I don’t know about any of you, but I actually grew up optimistic about the climate. I think people are capable of genuinely incredible creativity, and so I thought technology would save us. I went to school for engineering partly because I was convinced of that and wanted to help – and then I noticed where all the engineering money actually went. Most of my friends and I found things like weapons manufacturers, oil companies, and big finance were the only options to pay back our loans. Most of us came in wanting to change the world for the better and realized that the capitalist world did not want to be changed.

Today I struggle with “climate anxiety,” where everything just feels over and hopeless, like we’re in a slow-moving car crash. The IPCC reported in 2018 that we have to halve greenhouse gas emissions before 2030 to prevent irreversible damage to the planet. Even though I don’t have the technological optimism I had before, I still believe we can tackle the climate crisis. However, there’s a reason this event is called “Tomorrow is Too Late:” we are not close to achieving what we need to – we have to act now.

What I came to realize is that technology is not the primary obstacle – the structure of society is. Unfortunately, and crucially, the whole world – our economy, our politics, our culture – is held hostage by the need for endless profit. Profit is put before everything else. We work day after day to make our bosses profits, politicians make sure that nothing threatens the profits of their business benefactors, everything we do gets turned into a “hustle” – and that logic keeps us from making the changes we need to save the planet.

As an aside on clean energy: wind and solar energy are rapidly getting cheaper, a wonderful accomplishment, and some are tempted to say “we’re done! The market will now get rid of fossil fuels!” First, anyone can tell you that the fossil fuel industry will fight tooth and nail to slow its decline to maximize its profit while destroying the planet. Second, clean energy transition depends on immense mining operations for things like cobalt in places like the Congo. If profit is the driving factor, these places will be utterly devastated ecologically and economically, and that’s ignoring that resources are ultimately limited. We don’t have to look far to see our Appalachian neighbors to the south, left behind with poisoned land after decades of strip mining. Finally, we can’t rely on the market alone to get us where we need to go because of just how urgent the situation is. Continued growth in greenhouse gas emissions despite agreements like in Kyoto, Paris, and Copenhagen shows the utter failure of our current approaches.

The wealth captured by the wealthiest must instead be sacrificed or poured into the massive shifts that will allow us to live with our planet. Profits will have to fall!

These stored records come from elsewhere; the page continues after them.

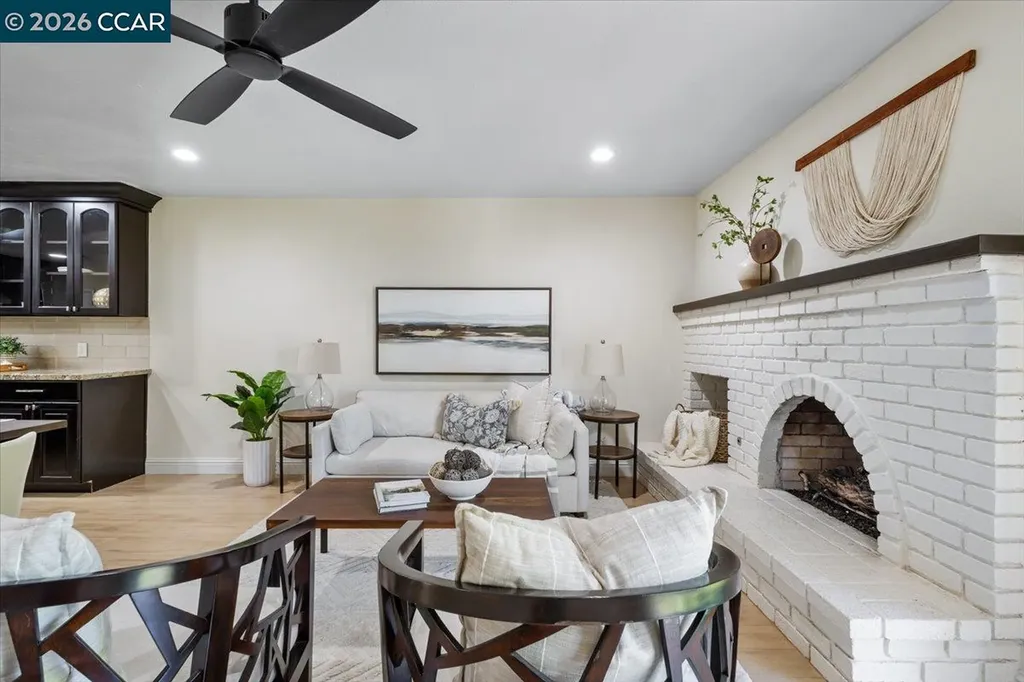 102 Vineyard Circle Yountville CA 94599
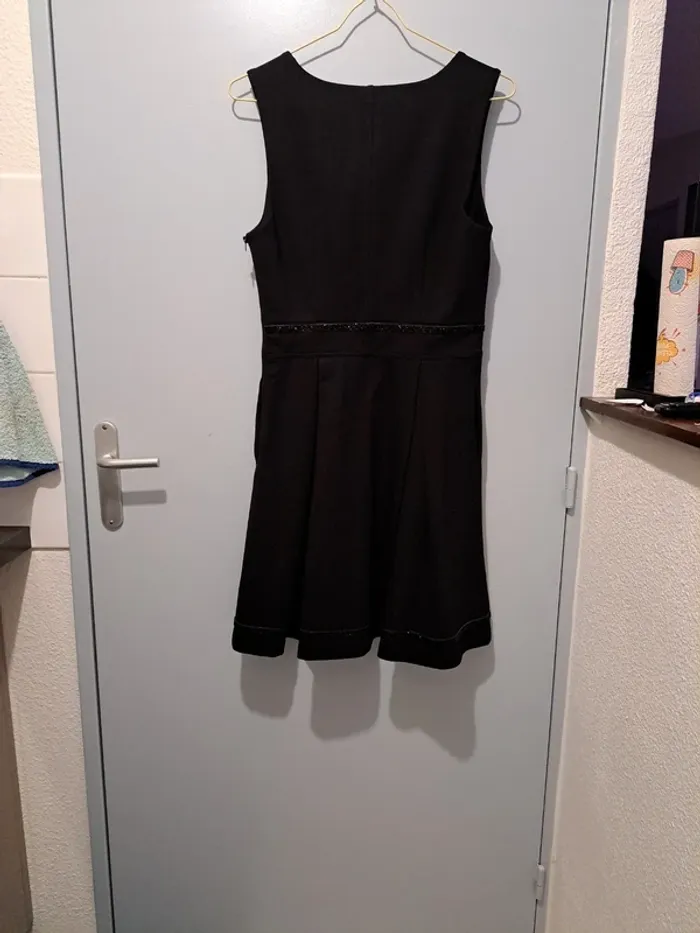 Robe très epaisse - photo numéro 2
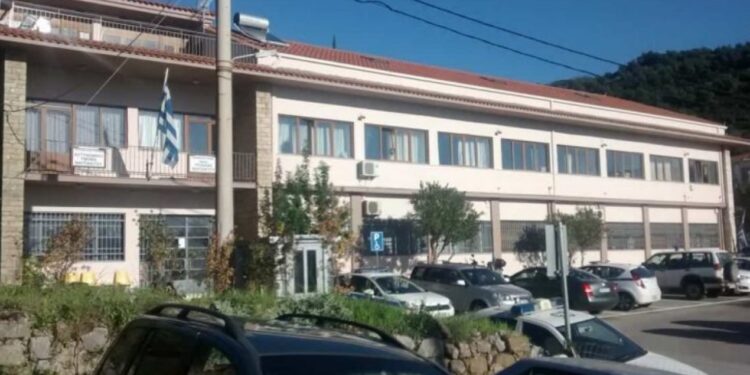 Νέες συλλήψεις για ναρκωτικά μέσα σε Γυμνάσιο στη Ναύπακτο – Ο ένας κατηγορούμενος είχε συλληφθεί και πριν επτά μήνες για διακίνηση κοκαΐνης μέσα σε Λύκειο της περιοχής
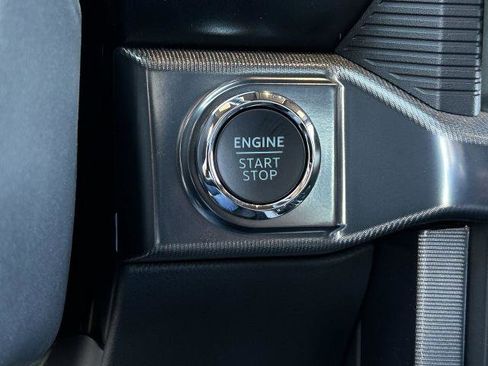 New 2025 Ford F150 Platinum w/ Equipment Group 702A High image 15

We can’t carry on and try to con our way to sustainability by betting on unproven technology like carbon capture, or “clean coal,” or thinking that going from coal to natural gas is enough of a “step in the right direction.” The planet does not negotiate, it never has. We have pushed and pushed at the limits of what is ecologically feasible, and the bill is finally coming due. The poorest in the world have been footing that bill the most, and now many of them are in danger of literally being underwater.

Do not be complacent just because the harshest effects of climate change are not happening in our backyard. Former colonial nations have suffered unimaginable exploitation, sometimes over centuries, and part of that legacy is our nation’s relative wealth – it’s unbearable that many of these former colonies are in regions that will suffer the harshest consequences of climate catastrophe.

The answer is not as simple as “elect the right people.” The labyrinth of courts, lobbying, propaganda, and police will ensure that profit is always put before people. It’s not a broken system, it is a system working exactly as intended. The climate struggle is inseparable from the struggle against lower wages and unemployment and health insurance companies telling you that your treatment will bankrupt you. It’s all a fight against the dictatorship of profit.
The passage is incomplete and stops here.